Anyway, great review.

Also, since you're not going to do the animated Batman films [shakes fist] I guess I have no choice but to do them myself.

Lisa Draski said...

Of course NBA references are valid! I wish I had your strength to swear him off completely. I thought I had with The Village... I did wait a long time. I also just love Giamatti so much, so that was a big factor. And HE didn't disappoint me.

I agree wholeheartedly with your opinions of There Will Be Blood. It's not really a film you can enjoy... It's more a film you appreciate.

Man-crush on DDL? Totally understandable. I think it's great when a man can be open about his man-crushes. I have a regular crush on him. My current girl-crush is Eva Mendes.

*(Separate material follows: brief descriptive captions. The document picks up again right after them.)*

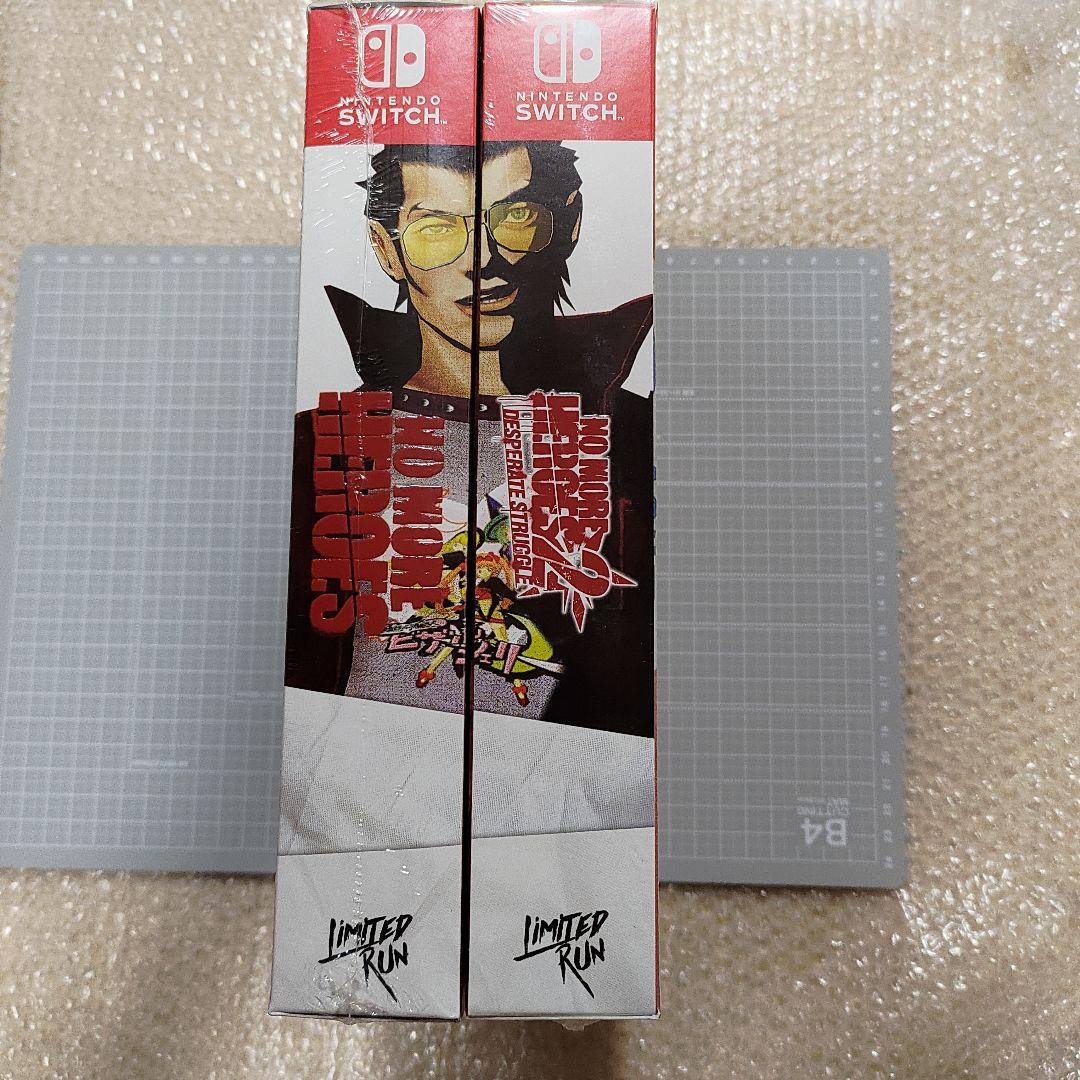 ノーモアヒーローズ1&2 海外限定版　Nintendo Switch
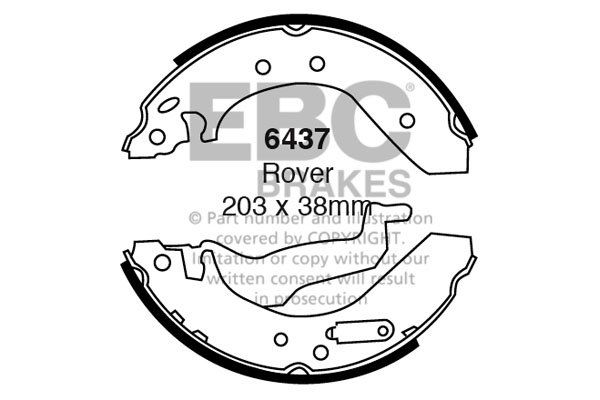 EBC Brakes 6437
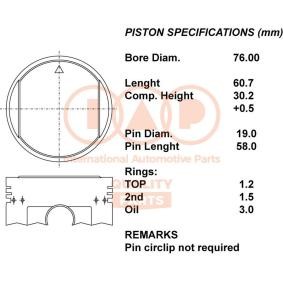Kolben für DAIHATSU von IAP QUALITY PARTS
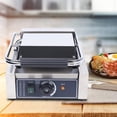 thumbnail image 2 of Commercial Electric Griddle, 110V 1800W Sandwich Single Panini Press Grill Maker Toaster, Smooth Flat Surface Sandwich Maker With Cleaning Sponges,Portable Hamburg Maker For Restaurant Cafe, 2 of 10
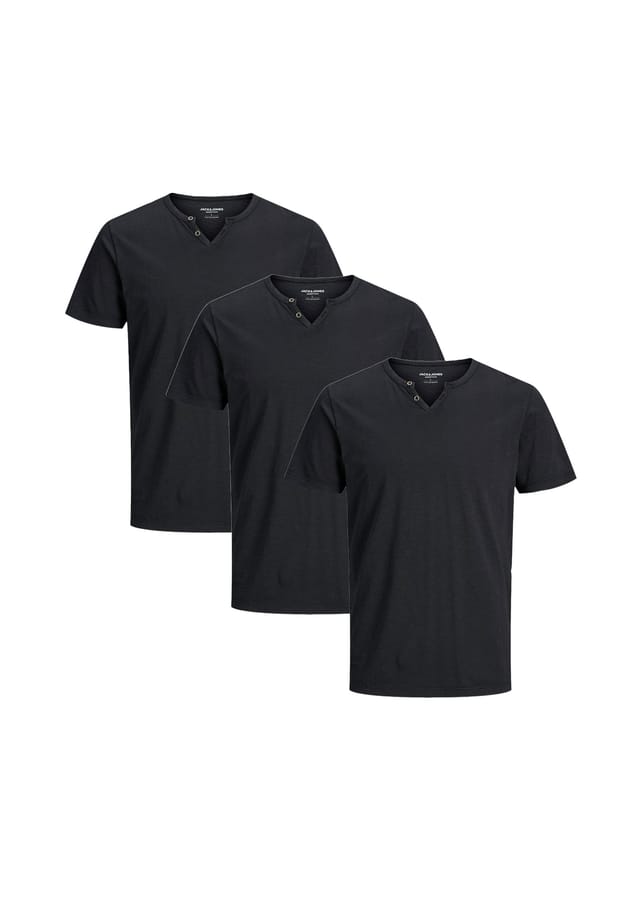 

Футболка упаковка 3 шт. Jack & Jones, черный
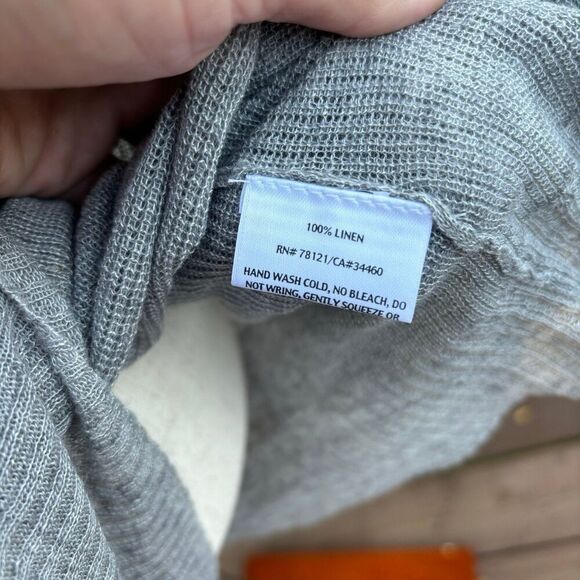 Eileen Fisher Linen Delave Knit V-Neck Vest NWT - Picture 7 of 7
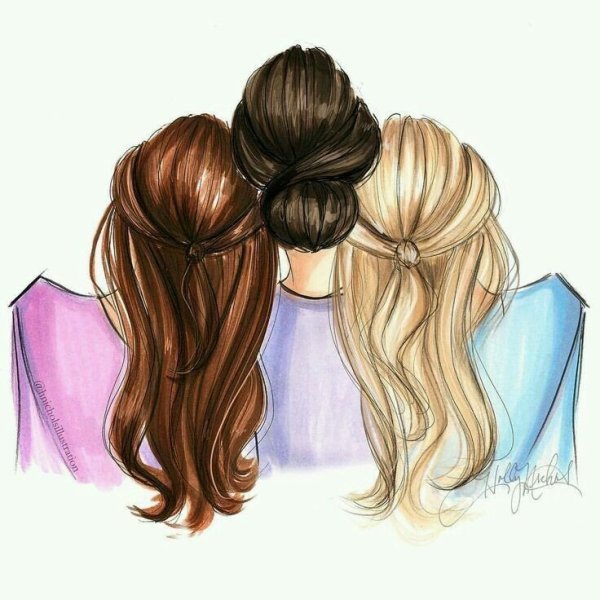 Подруги мультяшные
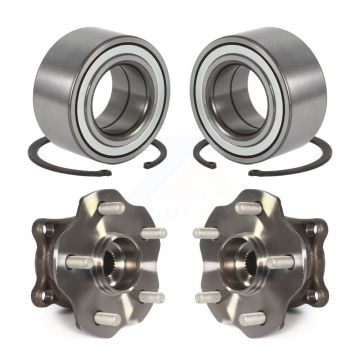 Front Rear Wheel Bearing & Hub Assembly Kit For Toyota Highlander Lexus RX350 RX450h AWD K70-101663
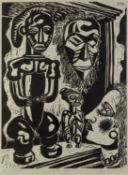 Colin Moss (1914-2005) Museum Piece, 1980 signed, titled, and dated in pencil (in the margin)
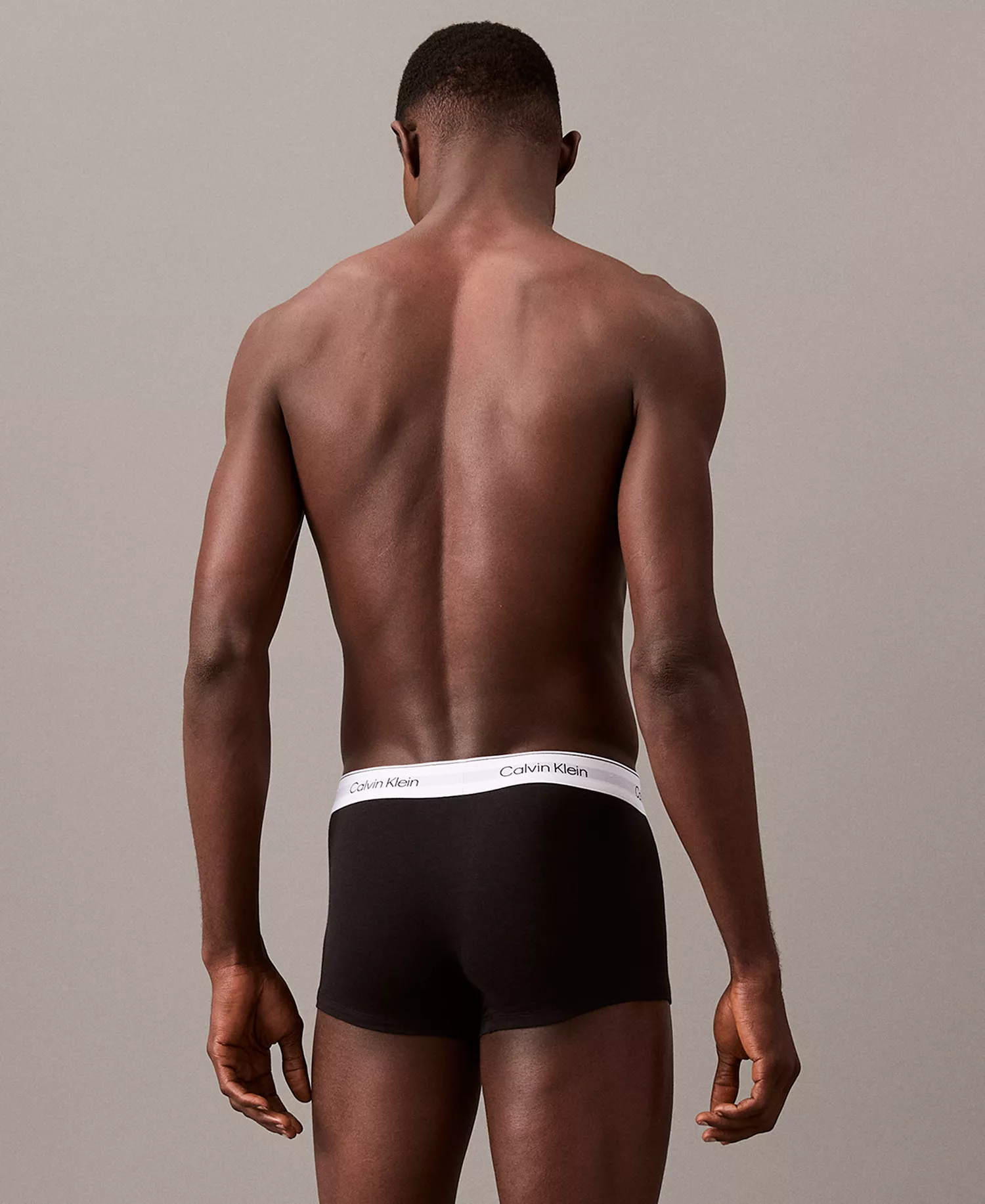 Men's 3-Pack Icon Stretch Low Rise Trunks - Black - L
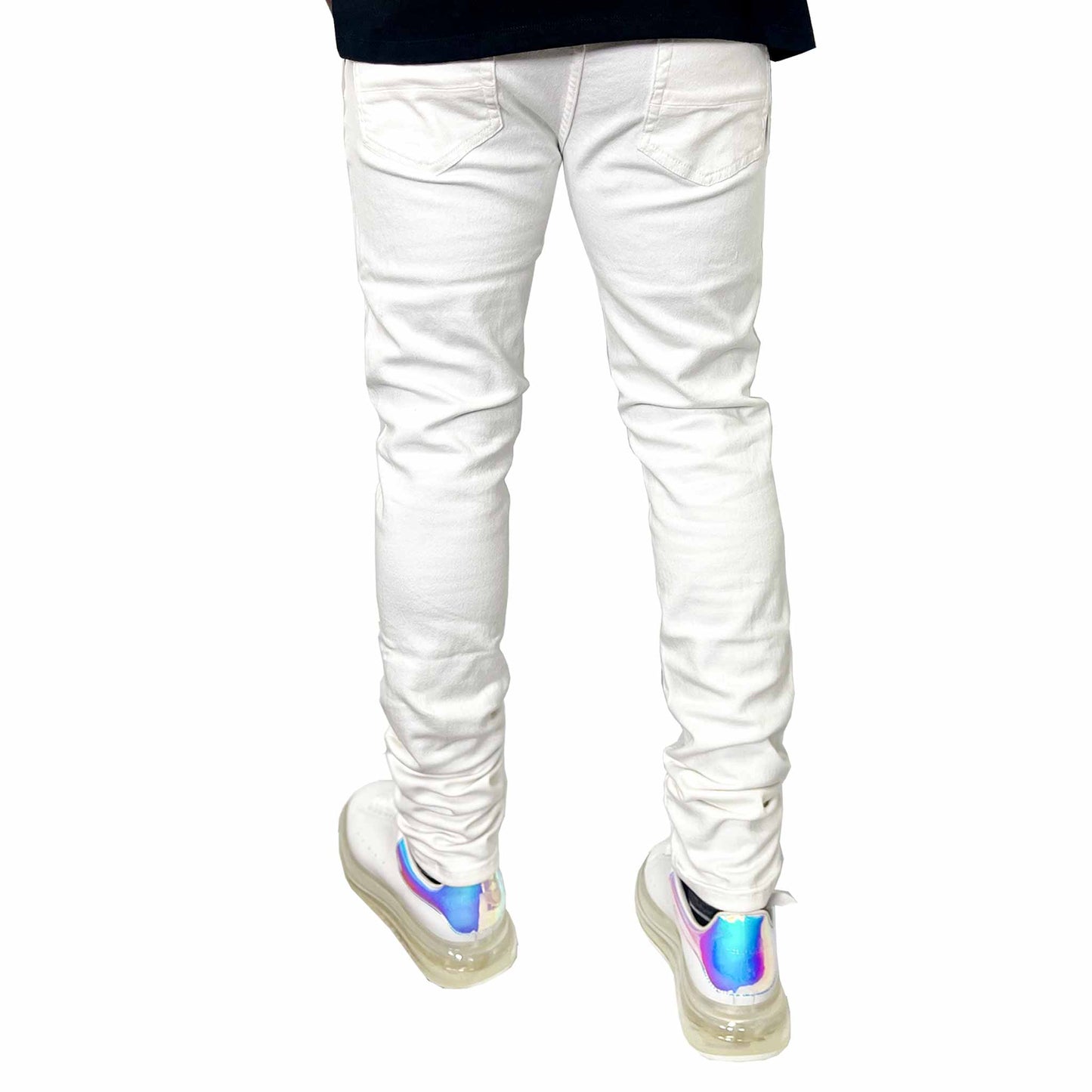 3707 STAY FLY WHITE LOW RISE SKINNY JEAN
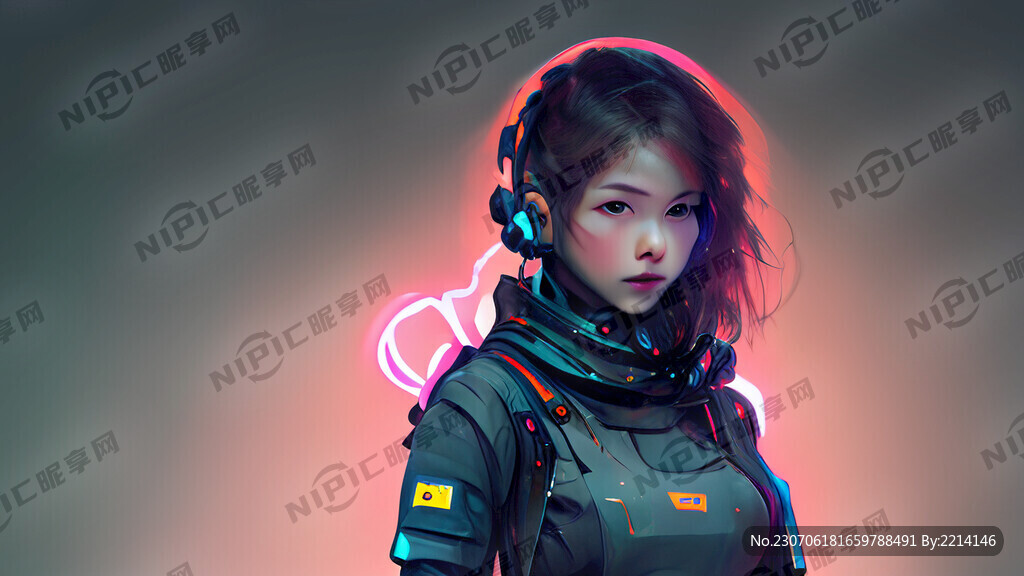 科技少女 科幻 未来 赛博朋克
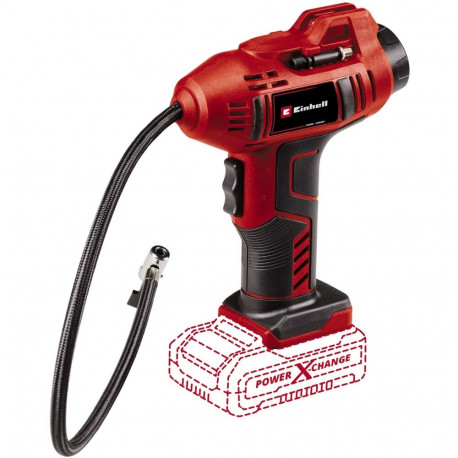 Power X-Change Akku-Autokompressor CE-CC 18 Li-Solo, 18Volt (rot/schwarz, ohne Akku und Ladegerät)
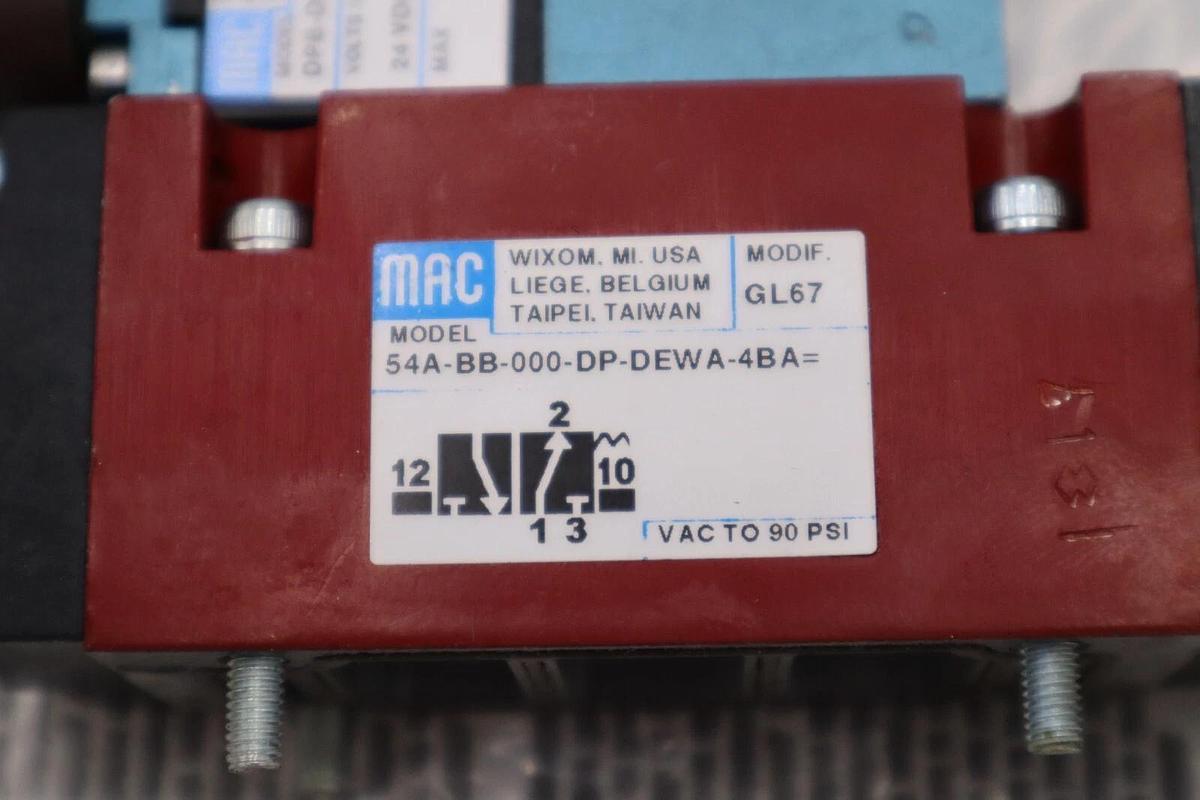 Used NEW MAC 54A-BB-000-DP-DEWA-4BA SOLENOID VALVE STOCK H1205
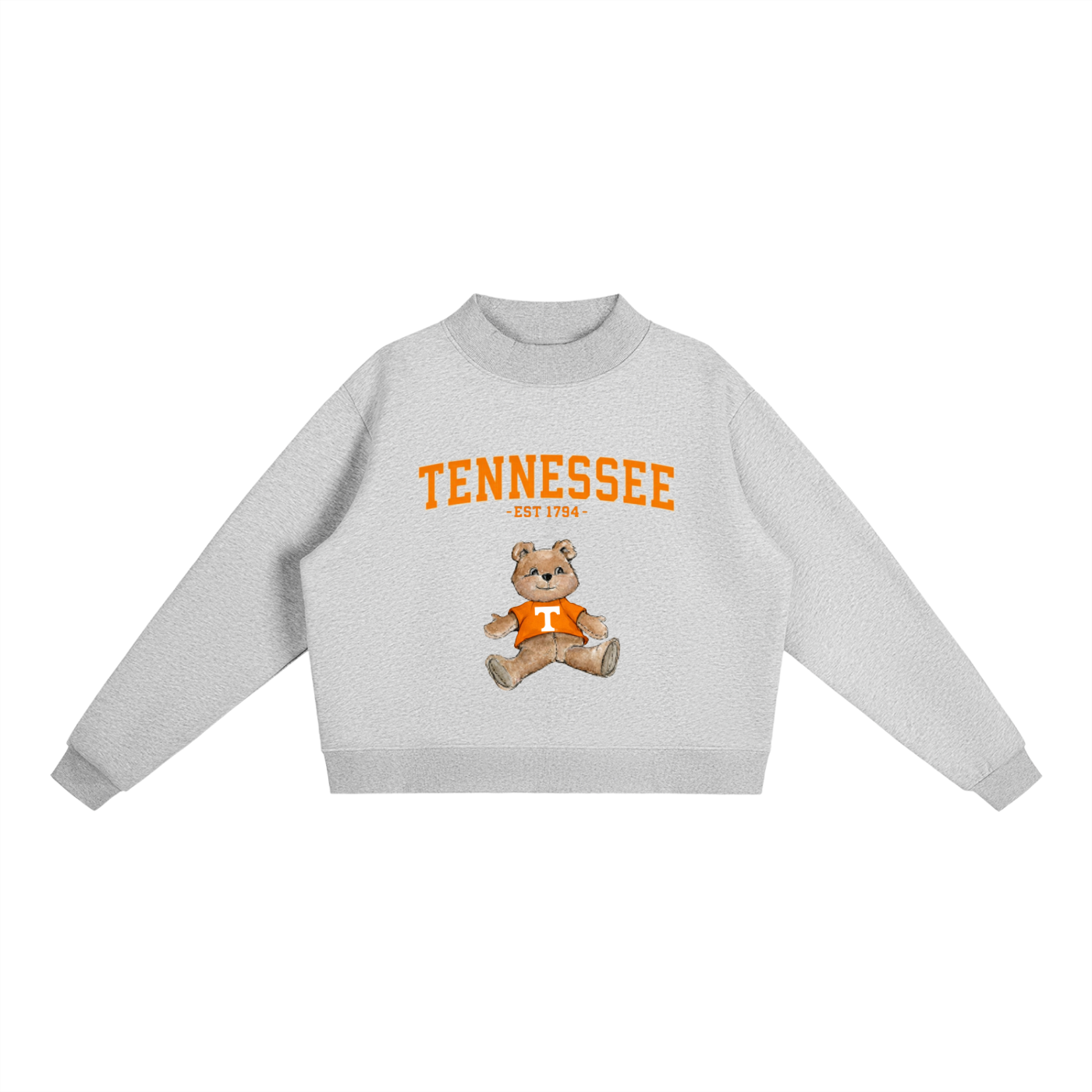 Tennessee Mock-Neck Crew Sweatshirt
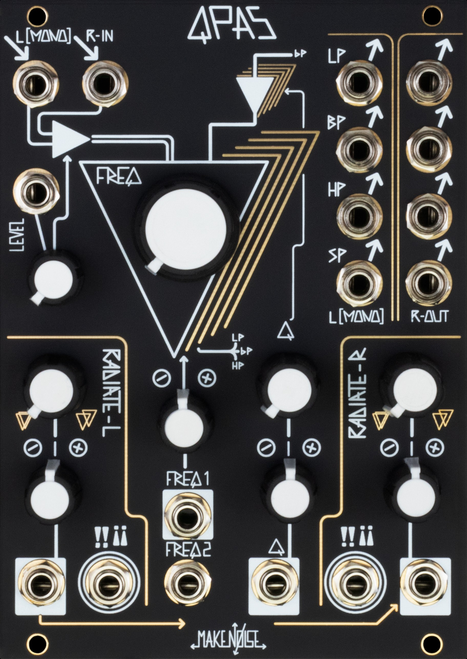Make Noise QPAS - Quad Core Stereo Analog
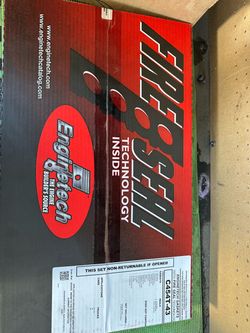 Brand new 454 gasket set with piston rings rod bearings main bearings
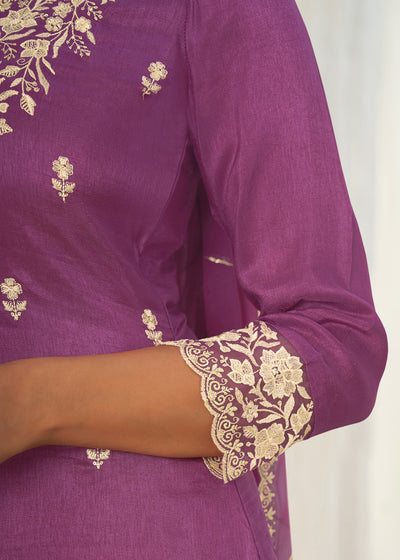 Dola Silk Fabric Designer Beaded Hand Work Ready to wear Salwar & Kurta SeT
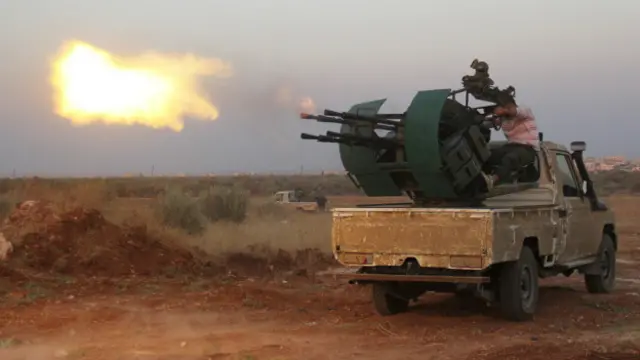 Imagen de la guerra en Siria.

Ooh, 2001? We can open that up if you want. I've never been a fan, although I highly regard it.

The Bulls, Arrested Development... you have good taste!

Are the animated Batman films REALLY that good? I suppose I can make a concession, although I think my mind is so made up. But, I can be open-minded.

Lisa Draski said...

Also, refer to my I Want to Live! post for my last comment.

Bill Treadway said...
This comment has been removed by the author.